Data records
-- Opening Marker --
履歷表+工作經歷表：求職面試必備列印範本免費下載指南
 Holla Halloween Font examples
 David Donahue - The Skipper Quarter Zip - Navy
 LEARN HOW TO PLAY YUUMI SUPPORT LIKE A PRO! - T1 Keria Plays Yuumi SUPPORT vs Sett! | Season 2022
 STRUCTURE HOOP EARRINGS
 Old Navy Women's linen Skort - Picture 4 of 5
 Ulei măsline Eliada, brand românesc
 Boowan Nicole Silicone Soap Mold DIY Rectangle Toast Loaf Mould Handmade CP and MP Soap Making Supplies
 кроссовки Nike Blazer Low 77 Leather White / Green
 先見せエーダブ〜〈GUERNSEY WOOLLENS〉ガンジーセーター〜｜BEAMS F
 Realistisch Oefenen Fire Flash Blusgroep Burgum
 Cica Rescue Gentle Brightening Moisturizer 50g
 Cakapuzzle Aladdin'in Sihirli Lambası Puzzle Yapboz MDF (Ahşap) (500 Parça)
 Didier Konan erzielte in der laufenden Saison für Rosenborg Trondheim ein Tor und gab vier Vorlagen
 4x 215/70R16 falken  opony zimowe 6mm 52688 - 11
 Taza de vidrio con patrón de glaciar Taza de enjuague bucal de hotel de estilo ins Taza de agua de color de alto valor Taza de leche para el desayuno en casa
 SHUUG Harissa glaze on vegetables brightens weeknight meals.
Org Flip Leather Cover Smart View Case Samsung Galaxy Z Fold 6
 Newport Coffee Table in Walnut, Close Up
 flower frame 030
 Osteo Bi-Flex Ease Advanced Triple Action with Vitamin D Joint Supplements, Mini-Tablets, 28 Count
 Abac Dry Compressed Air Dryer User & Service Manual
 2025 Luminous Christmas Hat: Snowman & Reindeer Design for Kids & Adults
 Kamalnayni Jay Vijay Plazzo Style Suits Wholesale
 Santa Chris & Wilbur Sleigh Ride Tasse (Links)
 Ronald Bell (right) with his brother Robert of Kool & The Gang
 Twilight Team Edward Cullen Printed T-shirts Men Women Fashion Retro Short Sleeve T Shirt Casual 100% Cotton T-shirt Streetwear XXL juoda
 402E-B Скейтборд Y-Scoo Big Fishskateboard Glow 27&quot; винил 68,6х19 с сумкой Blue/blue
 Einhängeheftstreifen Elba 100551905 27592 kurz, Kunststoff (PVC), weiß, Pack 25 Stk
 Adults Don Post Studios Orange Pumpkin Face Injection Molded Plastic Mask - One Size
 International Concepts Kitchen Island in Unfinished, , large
-- Closing Marker --
Task requirements
Repeat exactly the lines above from the one with "4x 215/70R16 falken" up to and including the one with "Newport Coffee Table in Walnut, Close Up". No other line belongs in the reply.

Task solution
 4x 215/70R16 falken  opony zimowe 6mm 52688 - 11
 Taza de vidrio con patrón de glaciar Taza de enjuague bucal de hotel de estilo ins Taza de agua de color de alto valor Taza de leche para el desayuno en casa
 SHUUG Harissa glaze on vegetables brightens weeknight meals.
Org Flip Leather Cover Smart View Case Samsung Galaxy Z Fold 6
 Newport Coffee Table in Walnut, Close Up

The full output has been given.